The utility of adjuvant therapy for women with uterine confined leiomyosarcoma remains uncertain. We sought to identify trends, analyze efficacy, and assess survival impact of adjuvant therapy in this patients.
We performed an observational cohort study of 1030 women with early stage leiomyosarcoma from the 2008-2014 National Cancer Database. Multi-nominal logistic regression was used to identify trends in receipt of adjuvant treatment. Demographic and clinical characteristics were compared. Kaplan-Meier curves were used to estimate survival.
There were 547 who (53.1%) received observation, 79 (7.7%) received radiation alone, 340 (33.0%) received chemotherapy alone, and 64 (6.2%) received chemoradiation. Patients were more likely to be observed if tumor size was <5 cm (hazard ratio [HR]=0.97; 95% confidence interval [CI]=0.95-0.99; p=0.017) and less likely to be observed if lymphovascular space invasion (LVSI) was present (HR=0.60; 95% CI=0.41-0.89; p=0.010).
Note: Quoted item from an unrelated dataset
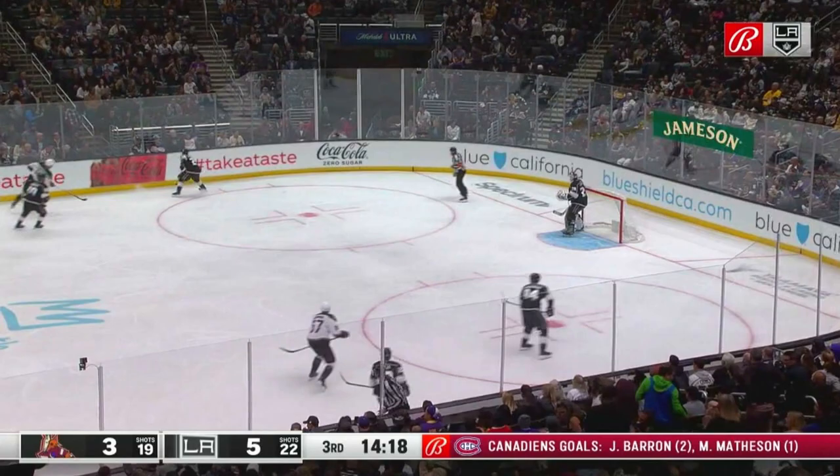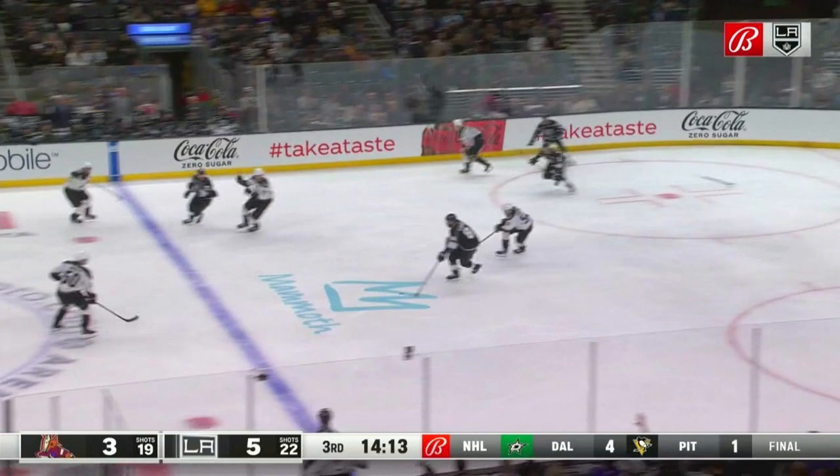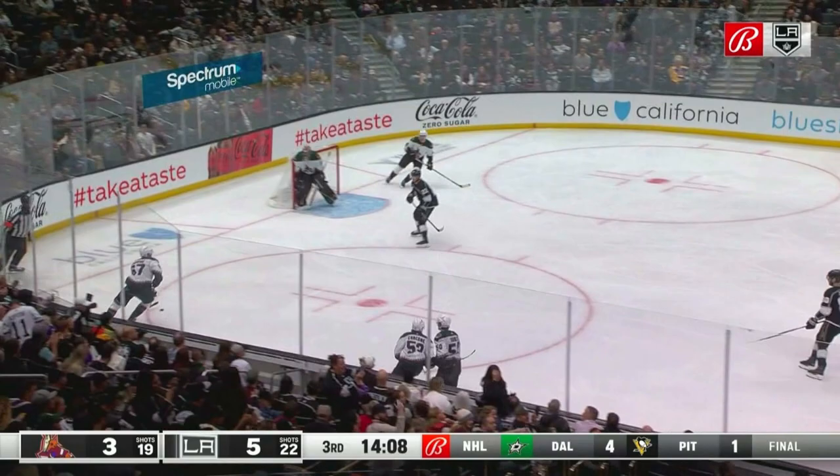Great job there by Fiala, getting away from Dermott. He had a mark there, but he muscles his way, spins to get that puck and tuck it in. Not a clean face-off, Daryl, right? Guys helping out, getting those loose pucks. Third time in the game the Kings have had a two-goal lead — they led 3-1, 4-2, and now 5-3.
Patients were more likely to receive chemotherapy if they were younger (HR=0.78; 95% CI=0.65-0.94; p=0.010) and if they had LVSI (HR=1.47; 95% CI=1.01-2.16; p=0.040). There was an independent association between older age, tumor size >5 cm, and LVSI with worsened survival, with the strongest predictor of mortality being the presence of LVSI. With a median survival of 61.9 months, there was no difference in estimated overall survival at 1 and 3 years based on receipt of adjuvant treatment as compared to observation (p=0.500).
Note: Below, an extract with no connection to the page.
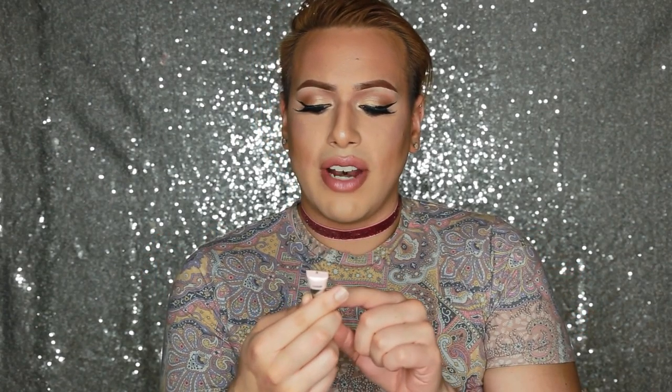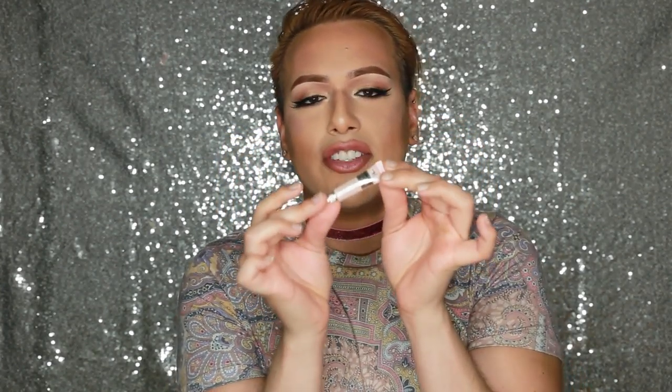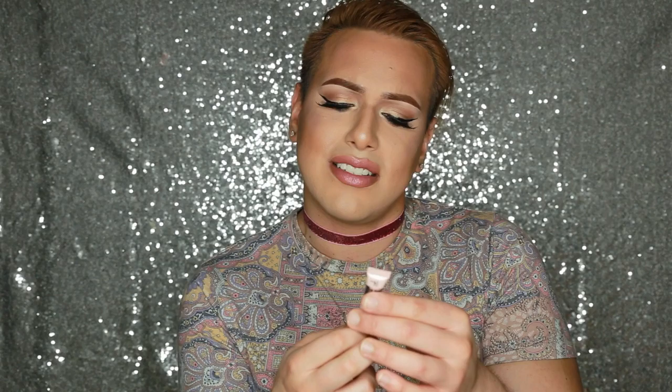Next, a new concealer I found — IT Cosmetics. I'd heard a lot about them but never personally tried their products. I recently got a sample of the Bye Bye Under Eye Illumination at Sephora. When the girl told me a little goes a long way, I didn't believe her, but you literally put a dot on your finger, press it between both hands, and it covers your entire under eye. I almost died — it covers everything and feels great on the skin.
Although women with uterine confined leiomyosarcoma experience high recurrence rates and poor survival outcomes, adjuvant treatment does not appear to confer a survival benefit.
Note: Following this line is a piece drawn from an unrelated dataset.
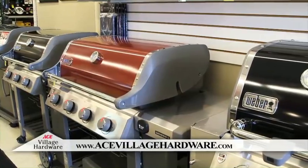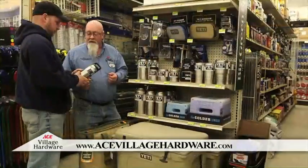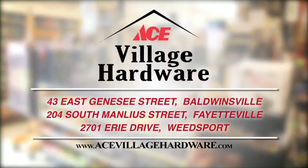Village Ace is your backyard HQ and offers Weber, Big Green Egg grills, and Yeti ramblers and coolers. Jumpstart your backyard fun with help from the experts at Village Ace Hardware. Village Ace, your locally owned hardware store. Visit one of our three locations today.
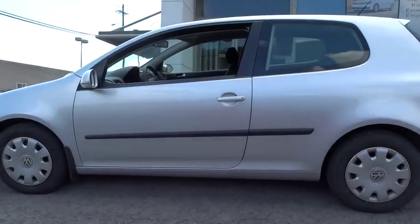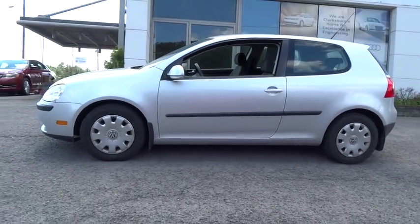If you like it online, you'll love it in your driveway. Take it for a spin today.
辅助治疗对子宫局限性平滑肌肉瘤患者的作用仍不确定。我们旨在确定该患者辅助治疗的趋势,分析疗效并评估其对生存的影响。
我们对 2008-2014 年国家癌症数据库中的 1030 例早期平滑肌肉瘤患者进行了一项观察性队列研究。采用多项逻辑回归来确定辅助治疗的接受趋势。比较了人口统计学和临床特征。使用 Kaplan-Meier 曲线估计生存情况。
有 547 名患者(53.1%)接受了观察治疗,79 名患者(7.7%)接受了单独放疗,340 名患者(33.0%)接受了单独化疗,64 名患者(6.2%)接受了放化疗。如果肿瘤大小<5cm(风险比[HR]=0.97;95%置信区间[CI]=0.95-0.99;p=0.017),患者更有可能接受观察治疗,如果存在血管淋巴管间隙浸润(LVSI)(HR=0.60;95%CI=0.41-0.89;p=0.010),则不太可能接受观察治疗。如果患者较年轻(HR=0.78;95%CI=0.65-0.94;p=0.010)且存在 LVSI(HR=1.47;95%CI=1.01-2.16;p=0.040),则更有可能接受化疗。年龄较大,肿瘤大小>5cm 和 LVSI 与生存恶化独立相关,而 LVSI 是死亡率的最强预测因素。中位生存期为 61.9 个月,与观察治疗相比,接受辅助治疗的患者 1 年和 3 年的总生存率无差异(p=0.500)。
尽管子宫局限性平滑肌肉瘤患者复发率高且生存结局差,但辅助治疗似乎并未带来生存获益。